** Material for this task follows **

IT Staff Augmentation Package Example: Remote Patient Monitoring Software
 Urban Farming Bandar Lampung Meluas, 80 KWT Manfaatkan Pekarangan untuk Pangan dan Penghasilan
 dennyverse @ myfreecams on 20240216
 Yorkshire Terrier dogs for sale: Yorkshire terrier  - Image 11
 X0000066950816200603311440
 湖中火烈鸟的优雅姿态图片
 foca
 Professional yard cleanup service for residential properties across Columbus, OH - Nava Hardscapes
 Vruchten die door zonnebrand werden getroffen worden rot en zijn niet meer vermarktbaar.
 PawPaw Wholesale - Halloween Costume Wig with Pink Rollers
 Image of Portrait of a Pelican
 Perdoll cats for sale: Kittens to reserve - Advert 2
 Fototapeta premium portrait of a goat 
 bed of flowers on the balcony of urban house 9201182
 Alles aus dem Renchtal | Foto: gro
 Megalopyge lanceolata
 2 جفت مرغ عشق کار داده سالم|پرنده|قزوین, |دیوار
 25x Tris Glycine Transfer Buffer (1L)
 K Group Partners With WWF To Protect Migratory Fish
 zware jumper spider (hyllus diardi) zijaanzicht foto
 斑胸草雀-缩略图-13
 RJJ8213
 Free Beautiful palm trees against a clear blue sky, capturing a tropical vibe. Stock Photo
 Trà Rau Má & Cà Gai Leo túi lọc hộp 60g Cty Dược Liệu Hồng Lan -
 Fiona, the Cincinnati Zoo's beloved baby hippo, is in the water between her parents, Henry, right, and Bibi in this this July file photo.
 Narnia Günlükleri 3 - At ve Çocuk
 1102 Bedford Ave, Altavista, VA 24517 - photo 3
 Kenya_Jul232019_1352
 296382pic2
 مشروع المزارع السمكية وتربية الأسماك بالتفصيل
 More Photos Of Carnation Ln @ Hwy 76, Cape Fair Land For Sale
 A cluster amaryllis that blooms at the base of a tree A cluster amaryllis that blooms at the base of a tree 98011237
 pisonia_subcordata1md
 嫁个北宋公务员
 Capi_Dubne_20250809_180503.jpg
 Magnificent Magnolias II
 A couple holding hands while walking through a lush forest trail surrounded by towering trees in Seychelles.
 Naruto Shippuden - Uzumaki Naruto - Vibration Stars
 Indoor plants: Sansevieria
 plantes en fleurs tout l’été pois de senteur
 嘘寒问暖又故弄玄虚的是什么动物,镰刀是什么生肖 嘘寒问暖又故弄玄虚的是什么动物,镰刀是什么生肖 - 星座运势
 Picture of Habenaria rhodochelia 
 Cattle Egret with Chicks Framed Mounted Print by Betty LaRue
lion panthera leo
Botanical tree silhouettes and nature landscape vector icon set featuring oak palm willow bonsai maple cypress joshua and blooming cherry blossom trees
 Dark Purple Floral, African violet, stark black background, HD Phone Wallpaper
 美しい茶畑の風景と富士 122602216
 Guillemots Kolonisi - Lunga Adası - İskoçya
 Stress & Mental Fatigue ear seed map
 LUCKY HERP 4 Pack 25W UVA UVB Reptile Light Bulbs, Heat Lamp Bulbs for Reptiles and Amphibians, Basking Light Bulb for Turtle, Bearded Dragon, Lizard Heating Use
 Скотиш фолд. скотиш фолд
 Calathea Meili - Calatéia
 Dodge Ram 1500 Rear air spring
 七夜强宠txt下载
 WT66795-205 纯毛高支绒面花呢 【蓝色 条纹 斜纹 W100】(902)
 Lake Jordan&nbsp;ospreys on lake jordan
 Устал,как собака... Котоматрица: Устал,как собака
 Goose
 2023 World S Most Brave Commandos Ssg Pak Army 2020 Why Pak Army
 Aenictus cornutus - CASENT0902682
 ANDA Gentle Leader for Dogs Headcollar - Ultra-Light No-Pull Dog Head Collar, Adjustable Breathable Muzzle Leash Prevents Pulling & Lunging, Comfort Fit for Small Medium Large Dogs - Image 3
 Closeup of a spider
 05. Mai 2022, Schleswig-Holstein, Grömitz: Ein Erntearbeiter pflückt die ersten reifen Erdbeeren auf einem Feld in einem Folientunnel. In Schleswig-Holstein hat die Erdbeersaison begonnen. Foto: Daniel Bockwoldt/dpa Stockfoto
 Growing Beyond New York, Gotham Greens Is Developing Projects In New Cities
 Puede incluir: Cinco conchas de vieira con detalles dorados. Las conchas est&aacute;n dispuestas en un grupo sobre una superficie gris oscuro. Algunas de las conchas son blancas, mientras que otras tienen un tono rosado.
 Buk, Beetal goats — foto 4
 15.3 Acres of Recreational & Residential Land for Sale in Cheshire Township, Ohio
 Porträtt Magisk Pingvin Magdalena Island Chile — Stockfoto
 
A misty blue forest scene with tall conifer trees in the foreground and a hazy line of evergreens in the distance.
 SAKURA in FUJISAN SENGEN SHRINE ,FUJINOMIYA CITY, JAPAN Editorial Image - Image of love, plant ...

** End of Material for this task **

Problem statement: Each line containing the word "Stockfoto" must be pulled from the listing and copied.

Solution for this task:
 05. Mai 2022, Schleswig-Holstein, Grömitz: Ein Erntearbeiter pflückt die ersten reifen Erdbeeren auf einem Feld in einem Folientunnel. In Schleswig-Holstein hat die Erdbeersaison begonnen. Foto: Daniel Bockwoldt/dpa Stockfoto
 Porträtt Magisk Pingvin Magdalena Island Chile — Stockfoto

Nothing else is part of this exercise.